But last year, a city audit found drivers at Connexion’s contractor, MV Transportation, had altered hundreds of schedules to make it look like they were on time, when they were actually late.
JTA CEO Nat Ford said those allegations are taken seriously.
“It was 1 percent, a very small percentage, but we treat it as if it’s a major failure, or fault in terms of our operation. We did not expect that type of behavior to occur,” he said.
Ford told council members JTA has increased security and made it harder for drivers to fudge the numbers. Still, as customers keep complaining of late pickups and drop-offs, Ford said it’s hard to keep up with demand as drivers are poached by other companies that pay more, like Amazon or UPS.
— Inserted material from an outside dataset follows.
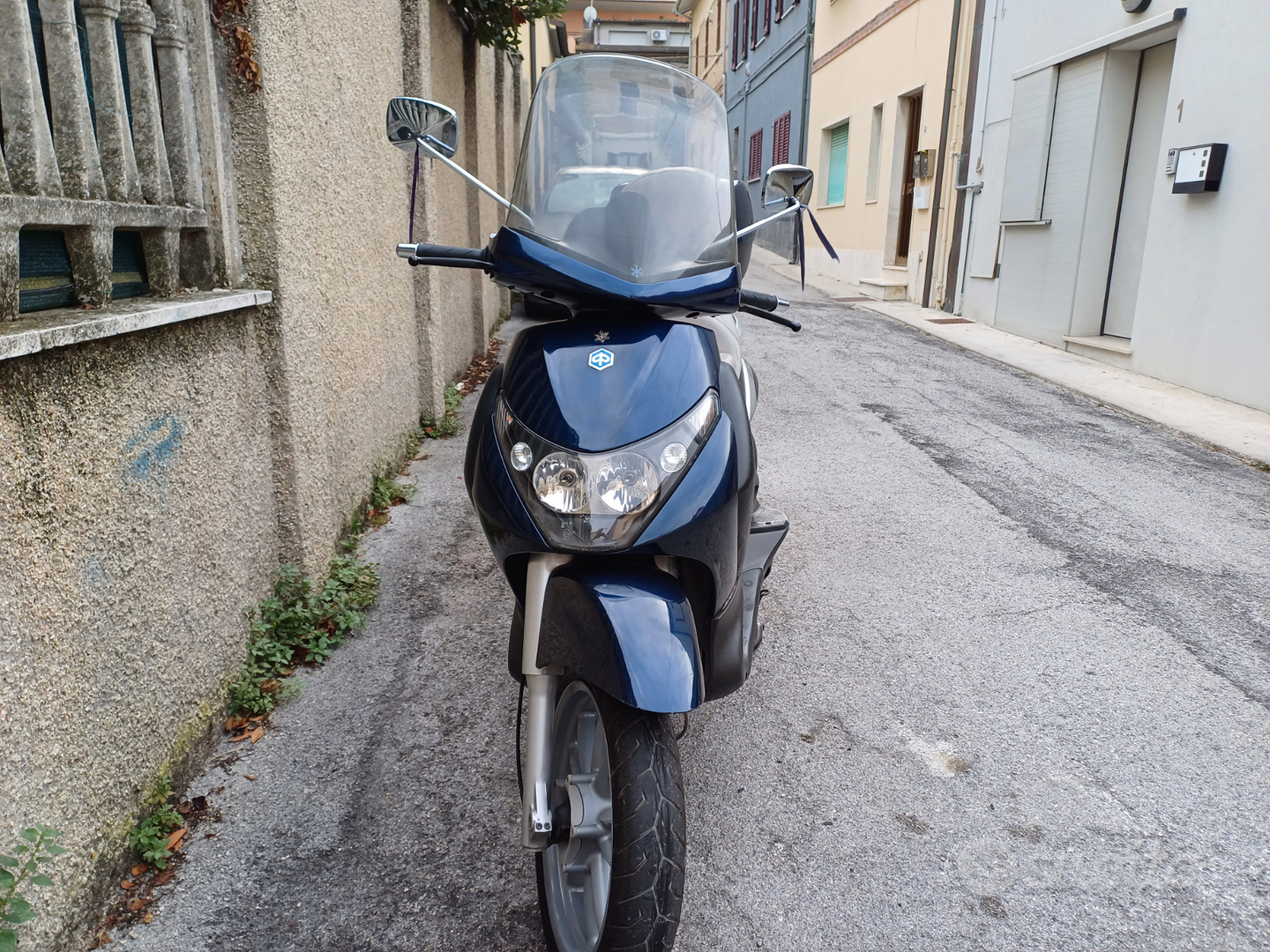 Scooter Piaggio Beverly 250ie - Moto e Scooter In vendita a Ancona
“Almost for a year now, we have seen and had a challenge hiring drivers to operate our Connexion service as well as our big bus, our fixed route bus service, why? Because the economy has turned in the right direction,” he said.
Ford said MV Transportation’s pay just isn’t competitive at around $9 an hour. He said he’s working on raising driver pay and aggressively trying to recruit more employees.
JTA is also testing a small group of taxi cabs to help provide rides to people who have less mobility issues and don’t require transport of a wheelchair or scooter. Currently, the contracted taxi service is only used for around 2 percent of rides, according to JTA, though authority representatives would like to see that program expanded.
Right now around 70 percent of Connexion customers don’t use wheelchairs.